- James Gallagher
- BBC science and medical correspondent
48 minutes ago
Doctors say a man who has been living with HIV since the 1980s appears to have been cured, becoming the fourth person to recover from the disease.
The man underwent a bone marrow transplant to treat leukemia from a donor who has a natural resistance to the virus.
The 66-year-old, who refused to reveal his identity, was suspended from taking the AIDS drug.
The man said that he was “indescribable happiness” for the disappearance of the virus from his body, and the man is known as the “City of Hope” patient following the name of the hospital where he was treated in Duarte in California in the United States.
Many of the man’s colleagues died of AIDS before HIV drugs were discovered, which give people a normal life expectancy.
“I never thought I’d see this day.”
HIV destroys HIV The body’s immune system, and this can lead to AIDS or acquired immunodeficiency syndrome, and the body struggles to fight infection.
“When I was diagnosed with HIV in 1988, like many, I thought it was like a death sentence. I never imagined I would live to see that day,” the man said in a statement.

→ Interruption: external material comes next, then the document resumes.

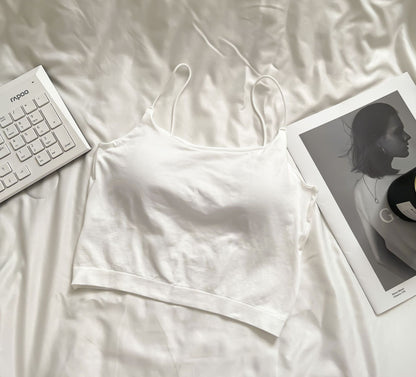 Camisole Top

The patient did not take medicines to treat acquired immunodeficiency following he contracted leukemia at the age of sixty-three.
The medical team decided he needed a bone marrow transplant to replace the cancerous blood cells. By chance, the donor was HIV-resistant.
The virus enters white blood cells using a microscopic entrance by a protein called CCR5.
But some people, including the donor, have mutations in CCR5 that close the door and keep HIV at bay.
Treatment remains a “goal”
The City of Hope patient was closely monitored following the transplant, and HIV levels became undetectable in his body.
“We were so thrilled to tell him that his body no longer had HIV and that he no longer needed the anti-retrovirals he had been taking for the past 30 years,” says Dr. Jana Decter, an immunologist at City of Hope Hospital.
The first time something similar happened was in 2011 when Timothy Brown – known as the Berlin Patient – became the first person in the world to be cured of AIDS. There have been three similar cases in the past three years.
The City of Hope patient is the oldest patient to be treated in this way and is the patient who has lived with HIV for the longest time. However, bone marrow transplants will not revolutionize HIV treatment for the 38 million people in the world who currently have it.
“It’s a complex process with potentially significant side effects,” says Dr. Dikter. “So it’s not an ideal option for most people living with HIV.”
Researchers are working on ways to target CCR5 via genes as a potential treatment.
The case was reported at the AIDS 2022 conference in Montreal, Canada. Commenting on the findings, Professor Sharon Lewin, president-elect of the International AIDS Society, said: “Treatment remains the ultimate goal of HIV research.”
She said there had been “a handful of individual cures before” that had provided “continuing hope for people living with HIV, and an inspiration to the scientific community”.